Looks like the warnings were right, master-master creates database errrors left and right.
I started with slave-master and then went to master-master because the first setup cause duplciate key entires. The second database is on a duplciate server running Moodle, so when I went to access that server to verify the replication, it would create errors. I guess I just need to setup the master-slave with a non-live database and check it on occassion to make sure it's replicating.
I'm still in test phase, so it's not been a critical issue. I appreciate the input from you guys!
I'd really like to get a true failover setup, but I'm limited on what I can do in terms of getting IPs setup and I only have the two boxes to work with.
This may seem like a relatively scary prospect, but have you considered moving to Postgres. Postgres doesn't support multi-master (yet), but it does support streaming replication from Postgres 9.0 onwards. We, and many other of the large Moodle installations, prefer postgres over MySQL for a plethora of reasons. It's highly scalable and pretty easy to tune (see the Postgres Tuning Wiki for initial pointers). It also cares about your data far more than an out-of-the-box MySQL installation, and a well tuned postgres installation is a very good match for a well tuned MySQL installation (ignore any performance guidelines which say to switch to MyISAM - it's not ACID compliant).
If you do go down the postgres route, I'd also recommend looking at pgpool-II as a connection pooler - this reduces the connection overhead to your database.
With streaming replication in Postgres, you can perform read-only queries on the slave, and read-write queries on the master. Later versions of pgpool-II can send non-transactional read-only requests to your slave (if it's hot enough) and write or transactional requests to your master to help spread the load.

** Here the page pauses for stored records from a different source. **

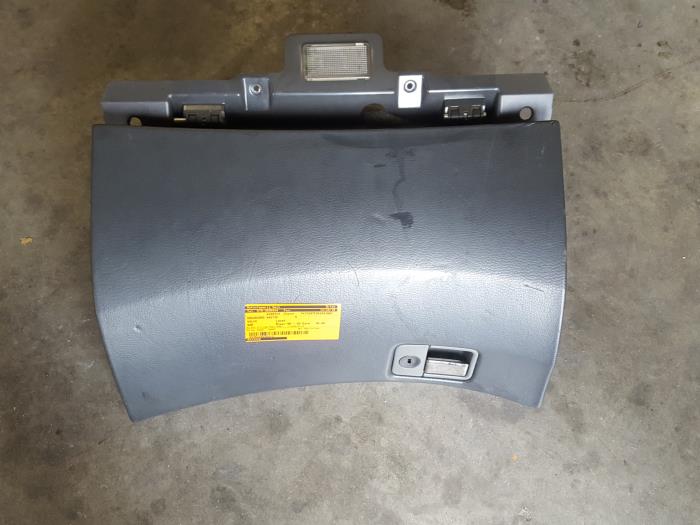 Begagnade Handskfack Volvo S80 (TR/TS) 2.9 SE 24V Pris € 30,00 Marginaltabell erbjuds av Autodemontagebedrijf Smit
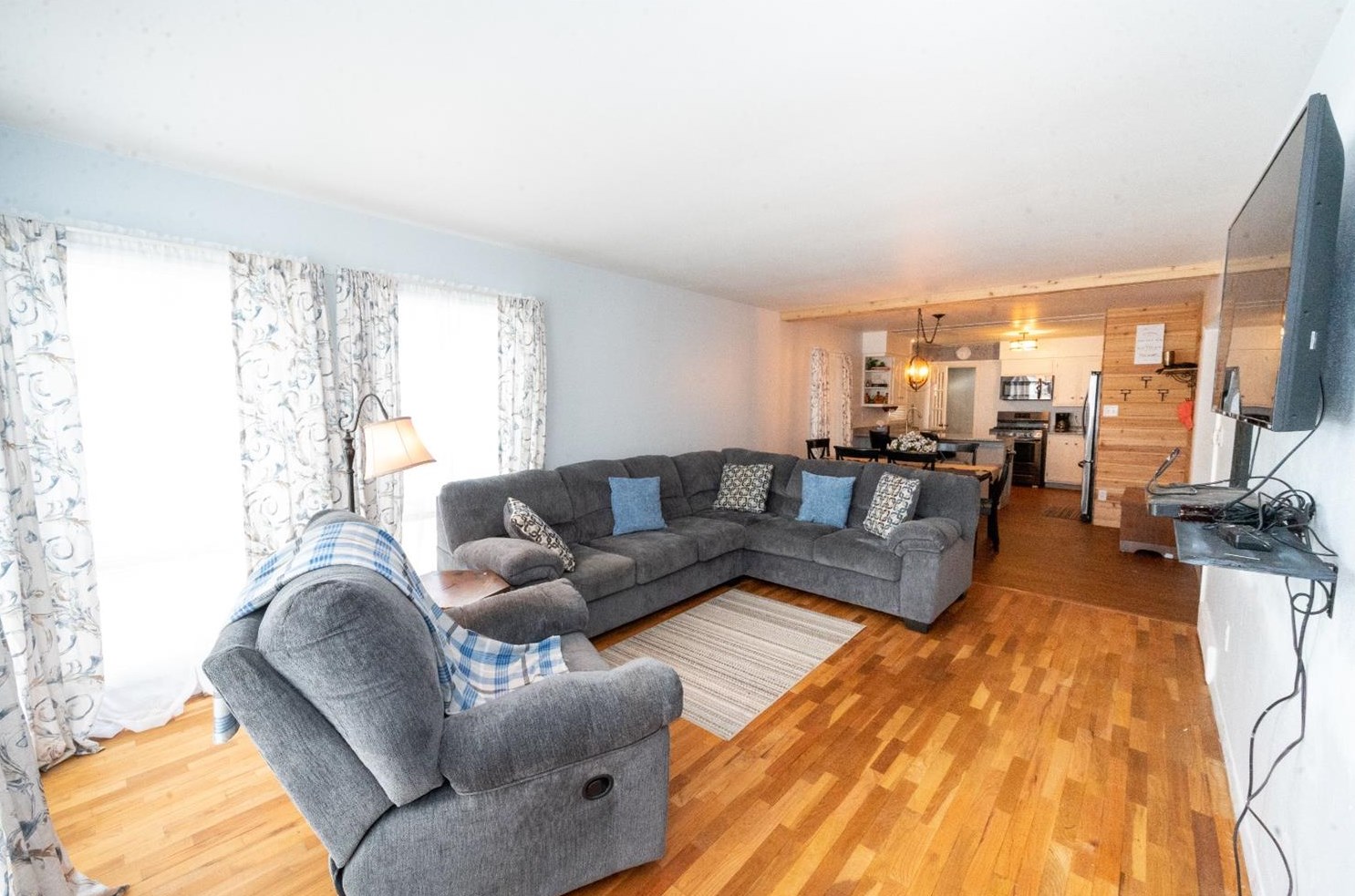 212 Barker Ave, Michigan City, IN 46360-4637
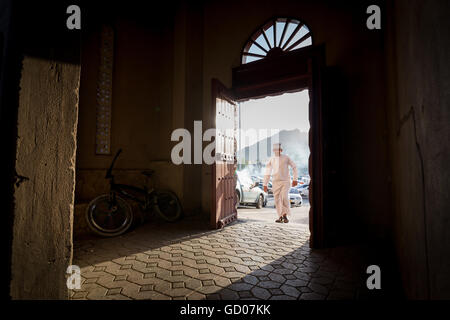 NIZWA, Oman - 24 Aprile 2015: Omani ragazzo di entrare nel mercato tradizionale o souq di Nizwa, Oman. Foto Stock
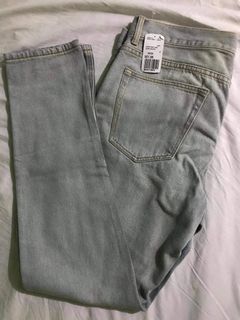 (Category: ) located in . Submitted by sshportswear (Listing ID 1034320620, Image 1). Description: .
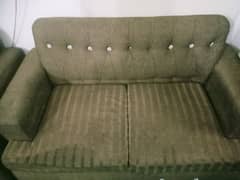 sofa set used and 3 seater is slightly broken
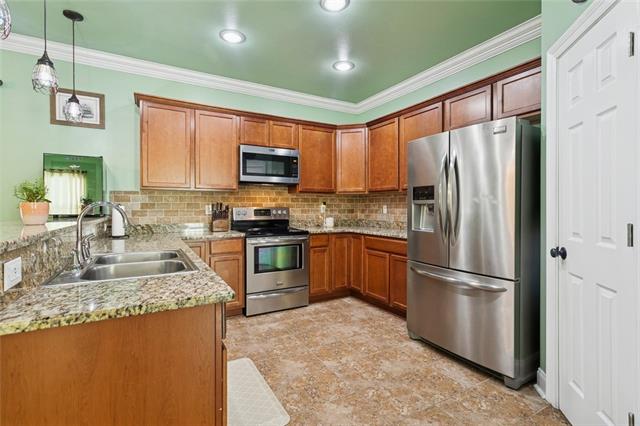 70017 Hirson Court Madisonville, LA 70447 - Photo 4 of 12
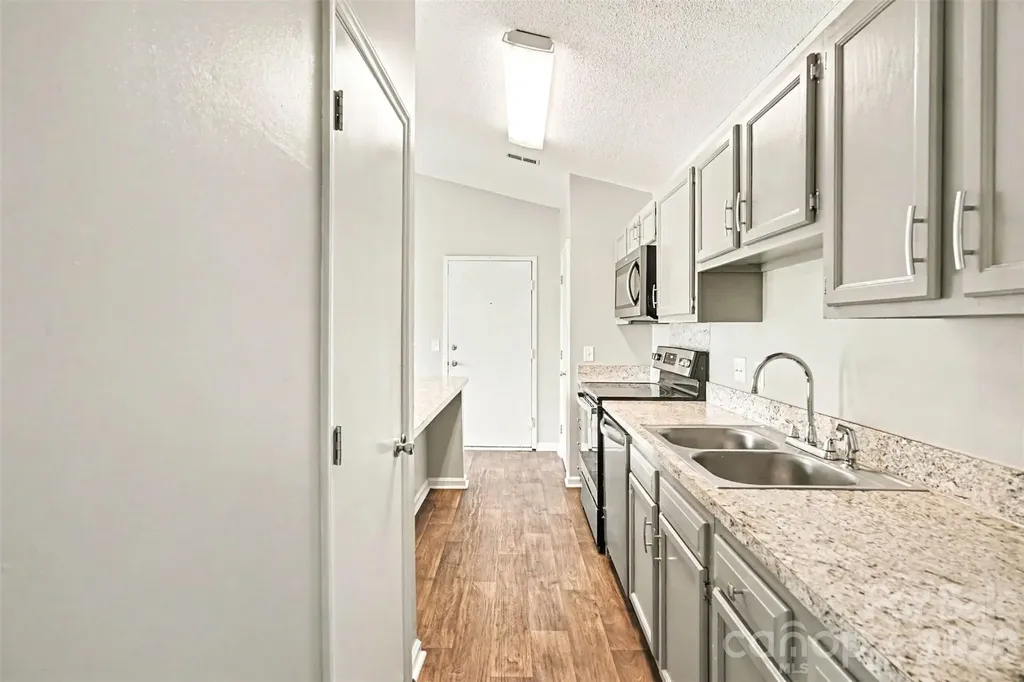 6165 Meadow Rose Lane Charlotte NC 28215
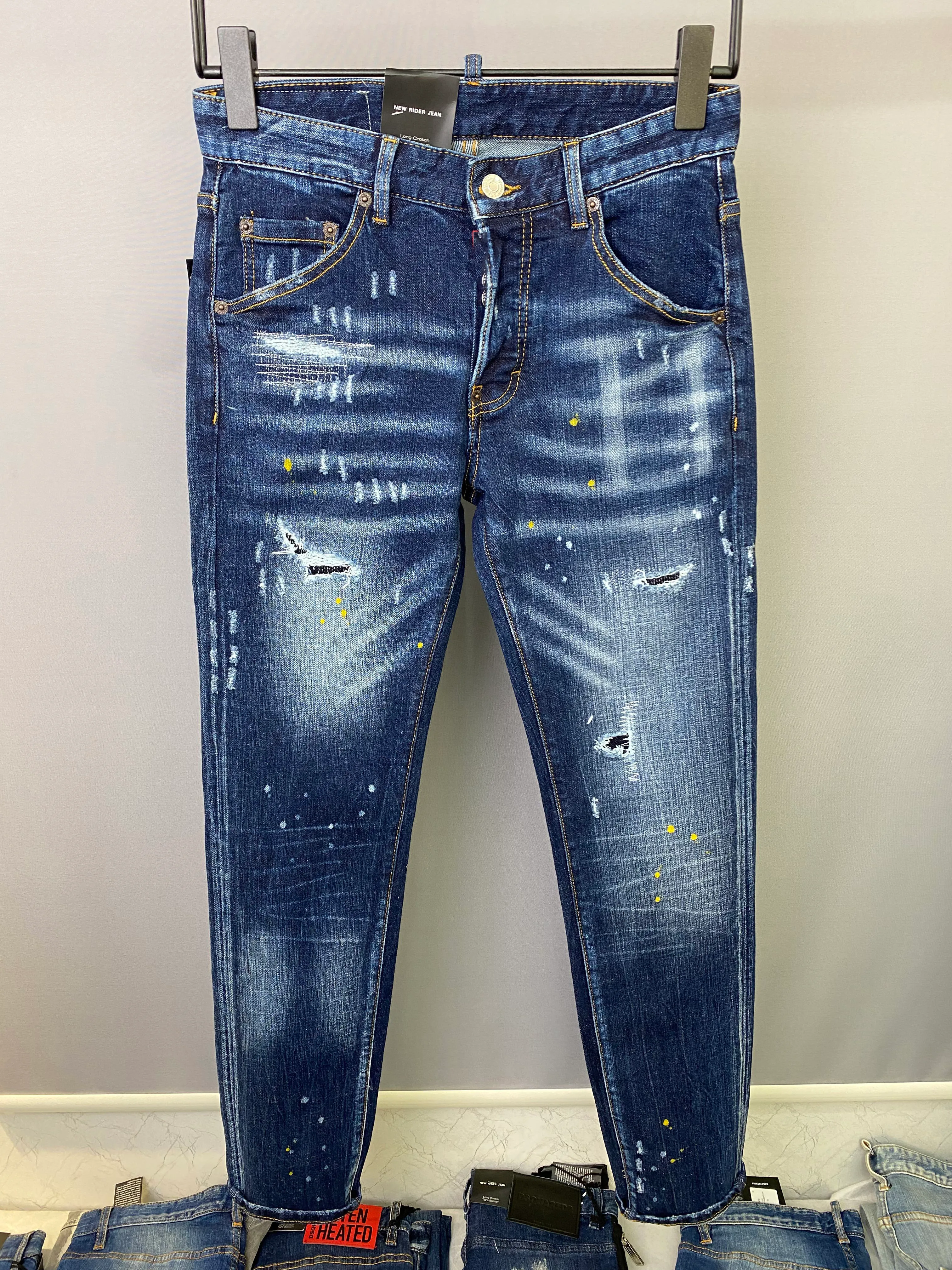 Nya män jeans hål ljusblå mörkgrå Italien varumärke man långa byxor byxor streetwear denim mager smal rak cyklist jean för d2 toppkvalitet 28-38 storlek 9830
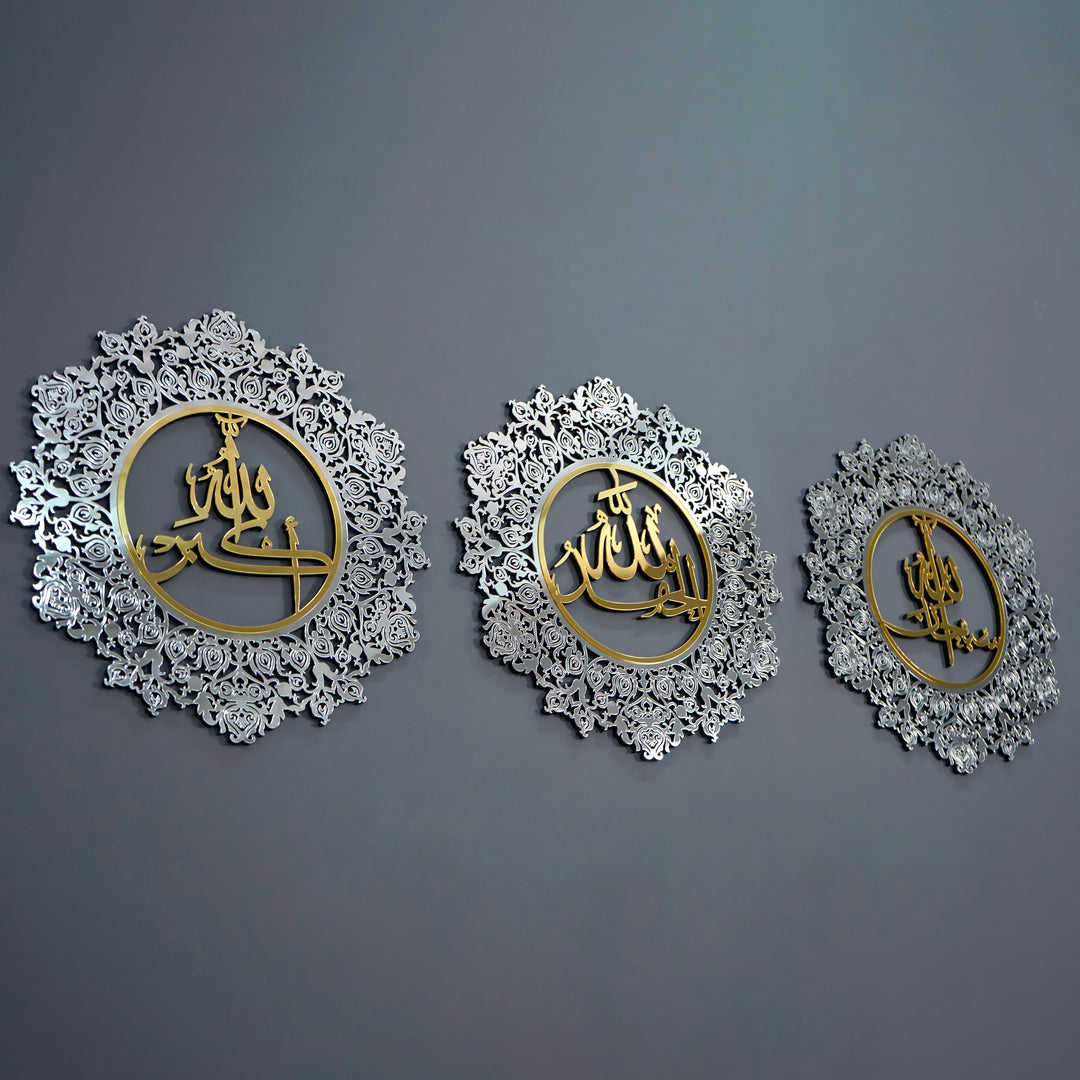 Gül desenli Sübhanallah, Elhamdülillah, Allahuekber 3'lü akrilik set, dış gümüş iç altın, koyu duvarda açılı görünüm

Others on these forums have been experimenting with MySQL Cluster server, but I'm not sure of it's capabilities or how they're getting on -- perhaps they may like to post with their experiences.
I know that this is a little late for responses, but have you considered using keepalived rather than heartbeat for IP failover on your load balancers?
haproxy is a little less STONITH and more about VRRP priority, but one of the main benefits to your setup is that you can have a pair of VIPs, with each having priority on a different load balancer. If either load balancer fails its healthchecks, the VIP will swing over to the other load balancer automatically and users shouldn't notice any difference.
You could easily have each load balancer configured to give the virtual server(s) on the same host a higher weighting such that they're used in preference to the second server but all servers can still be used.
You may also want to look at haproxy rather than nginx for the load balancing. Although it doesn't terminate your SSL connections, it does load balancing very well. If you do discover that session stickyness is important, you can direct sessions based upon client IP hashing which should (I believe) work consistently between two load balancers -- this isn't strictly required for Moodle.